Given information —
Start of Block
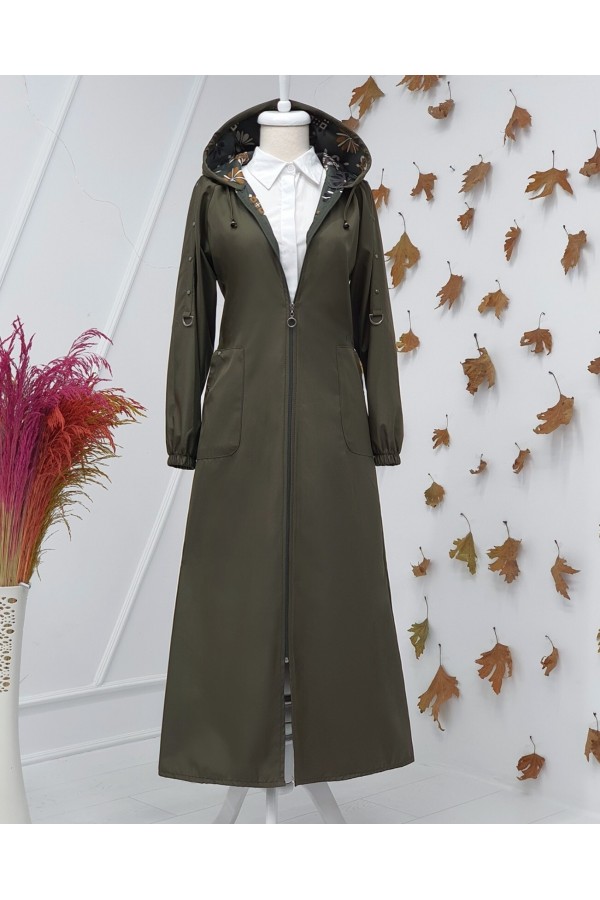 Metal Detailed Zippered Hooded Trench Coat -Khaki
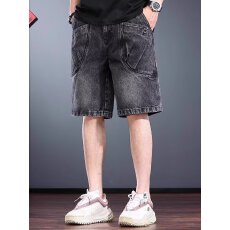 批发夏季新款美式<b class='q'>短裤</b><b class='q'>男</b>潮牌薄款设计感小众宽松大码运动休闲五分裤子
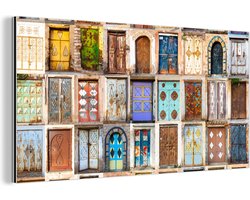 Wanddecoratie Metaal - Aluminium Schilderij Industrieel - Deuren - Architectuur - Vintage - Collage - 160x80 cm - Dibond - Foto op aluminium - Industriële muurdecoratie - Voor de woonkamer/slaapkamer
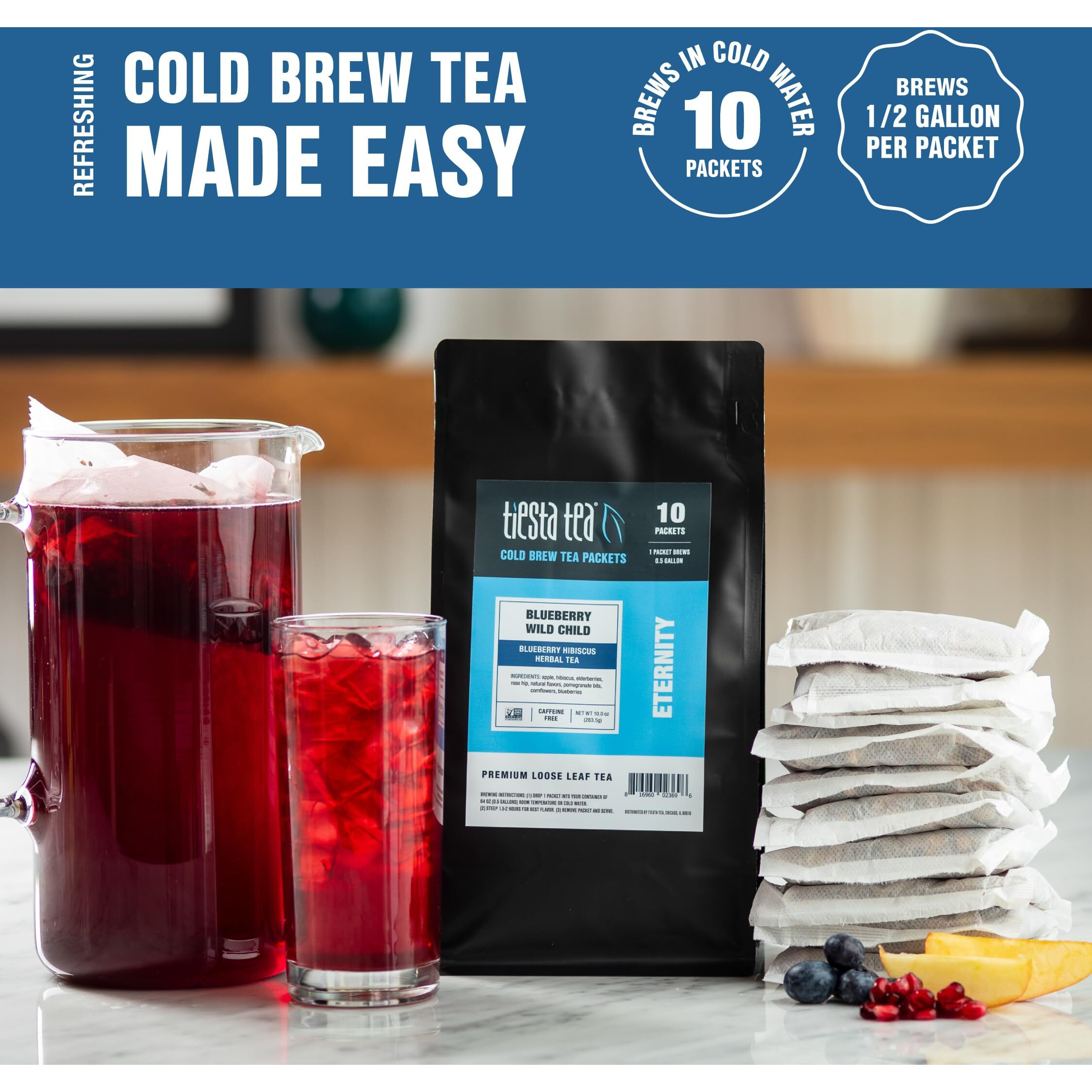 Tiesta Tea - Blueberry Wild Child Cold Brew - Blueberry Hibiscus Herbal Tea - Loose Leaf Tea Blend - Non Caffeinated Iced Tea - Cold Brew Tea Packets - Brews 64 Oz Of Pitcher Per Bag (Pack Of 10)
End of Block
All of the material above needs to be restated exactly, with no pictures.

Your solution —
 Metal Detailed Zippered Hooded Trench Coat -Khaki
 批发夏季新款美式<b class='q'>短裤</b><b class='q'>男</b>潮牌薄款设计感小众宽松大码运动休闲五分裤子
 Wanddecoratie Metaal - Aluminium Schilderij Industrieel - Deuren - Architectuur - Vintage - Collage - 160x80 cm - Dibond - Foto op aluminium - Industriële muurdecoratie - Voor de woonkamer/slaapkamer
 Tiesta Tea - Blueberry Wild Child Cold Brew - Blueberry Hibiscus Herbal Tea - Loose Leaf Tea Blend - Non Caffeinated Iced Tea - Cold Brew Tea Packets - Brews 64 Oz Of Pitcher Per Bag (Pack Of 10)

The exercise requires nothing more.